------ Data in this exercise

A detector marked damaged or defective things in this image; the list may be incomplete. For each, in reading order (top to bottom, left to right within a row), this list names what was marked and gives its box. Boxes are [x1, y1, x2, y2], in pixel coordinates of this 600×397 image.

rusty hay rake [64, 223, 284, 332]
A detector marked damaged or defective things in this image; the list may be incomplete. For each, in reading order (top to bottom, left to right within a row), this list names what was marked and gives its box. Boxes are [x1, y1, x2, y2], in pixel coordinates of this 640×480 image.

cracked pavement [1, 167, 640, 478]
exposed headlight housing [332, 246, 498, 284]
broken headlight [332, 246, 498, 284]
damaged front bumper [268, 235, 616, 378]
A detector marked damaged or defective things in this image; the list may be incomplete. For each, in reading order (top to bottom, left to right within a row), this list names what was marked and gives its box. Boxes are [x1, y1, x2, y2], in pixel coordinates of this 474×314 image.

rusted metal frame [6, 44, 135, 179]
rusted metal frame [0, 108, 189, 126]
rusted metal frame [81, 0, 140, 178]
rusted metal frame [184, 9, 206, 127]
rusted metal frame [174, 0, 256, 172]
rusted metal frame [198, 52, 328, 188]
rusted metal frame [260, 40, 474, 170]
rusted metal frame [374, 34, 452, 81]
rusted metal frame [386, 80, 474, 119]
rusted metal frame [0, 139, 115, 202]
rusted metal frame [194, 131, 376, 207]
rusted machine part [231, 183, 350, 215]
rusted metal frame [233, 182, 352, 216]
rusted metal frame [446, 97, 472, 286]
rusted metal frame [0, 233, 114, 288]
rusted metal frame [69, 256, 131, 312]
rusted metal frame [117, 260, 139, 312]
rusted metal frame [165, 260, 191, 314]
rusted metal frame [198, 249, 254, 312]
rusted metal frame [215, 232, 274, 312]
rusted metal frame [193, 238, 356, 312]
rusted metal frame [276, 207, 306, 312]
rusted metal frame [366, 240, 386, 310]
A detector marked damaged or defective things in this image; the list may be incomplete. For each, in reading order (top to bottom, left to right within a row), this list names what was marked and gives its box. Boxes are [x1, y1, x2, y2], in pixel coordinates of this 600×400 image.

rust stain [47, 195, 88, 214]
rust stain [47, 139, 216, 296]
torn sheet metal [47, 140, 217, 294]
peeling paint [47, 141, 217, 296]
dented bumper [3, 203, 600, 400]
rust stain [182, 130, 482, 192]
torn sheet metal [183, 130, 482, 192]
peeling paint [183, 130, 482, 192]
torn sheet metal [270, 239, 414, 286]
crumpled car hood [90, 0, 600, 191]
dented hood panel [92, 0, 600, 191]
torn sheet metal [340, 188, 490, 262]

------------

A faithful, word-for-word transcript of the material above is the required answer.

A detector marked damaged or defective things in this image; the list may be incomplete. For each, in reading order (top to bottom, left to right within a row), this list names what was marked and gives its box. Boxes are [x1, y1, x2, y2], in pixel coordinates of this 600×397 image.

rusty hay rake [64, 223, 284, 332]
A detector marked damaged or defective things in this image; the list may be incomplete. For each, in reading order (top to bottom, left to right within a row), this list names what was marked and gives its box. Boxes are [x1, y1, x2, y2], in pixel coordinates of this 640×480 image.

cracked pavement [1, 167, 640, 478]
exposed headlight housing [332, 246, 498, 284]
broken headlight [332, 246, 498, 284]
damaged front bumper [268, 235, 616, 378]
A detector marked damaged or defective things in this image; the list may be incomplete. For each, in reading order (top to bottom, left to right within a row), this list names what was marked and gives its box. Boxes are [x1, y1, x2, y2], in pixel coordinates of this 474×314 image.

rusted metal frame [6, 44, 135, 179]
rusted metal frame [0, 108, 189, 126]
rusted metal frame [81, 0, 140, 178]
rusted metal frame [184, 9, 206, 127]
rusted metal frame [174, 0, 256, 172]
rusted metal frame [198, 52, 328, 188]
rusted metal frame [260, 40, 474, 170]
rusted metal frame [374, 34, 452, 81]
rusted metal frame [386, 80, 474, 119]
rusted metal frame [0, 139, 115, 202]
rusted metal frame [194, 131, 376, 207]
rusted machine part [231, 183, 350, 215]
rusted metal frame [233, 182, 352, 216]
rusted metal frame [446, 97, 472, 286]
rusted metal frame [0, 233, 114, 288]
rusted metal frame [69, 256, 131, 312]
rusted metal frame [117, 260, 139, 312]
rusted metal frame [165, 260, 191, 314]
rusted metal frame [198, 249, 254, 312]
rusted metal frame [215, 232, 274, 312]
rusted metal frame [193, 238, 356, 312]
rusted metal frame [276, 207, 306, 312]
rusted metal frame [366, 240, 386, 310]
A detector marked damaged or defective things in this image; the list may be incomplete. For each, in reading order (top to bottom, left to right within a row), this list names what was marked and gives its box. Boxes are [x1, y1, x2, y2], in pixel coordinates of this 600×400 image.

rust stain [47, 195, 88, 214]
rust stain [47, 139, 216, 296]
torn sheet metal [47, 140, 217, 294]
peeling paint [47, 141, 217, 296]
dented bumper [3, 203, 600, 400]
rust stain [182, 130, 482, 192]
torn sheet metal [183, 130, 482, 192]
peeling paint [183, 130, 482, 192]
torn sheet metal [270, 239, 414, 286]
crumpled car hood [90, 0, 600, 191]
dented hood panel [92, 0, 600, 191]
torn sheet metal [340, 188, 490, 262]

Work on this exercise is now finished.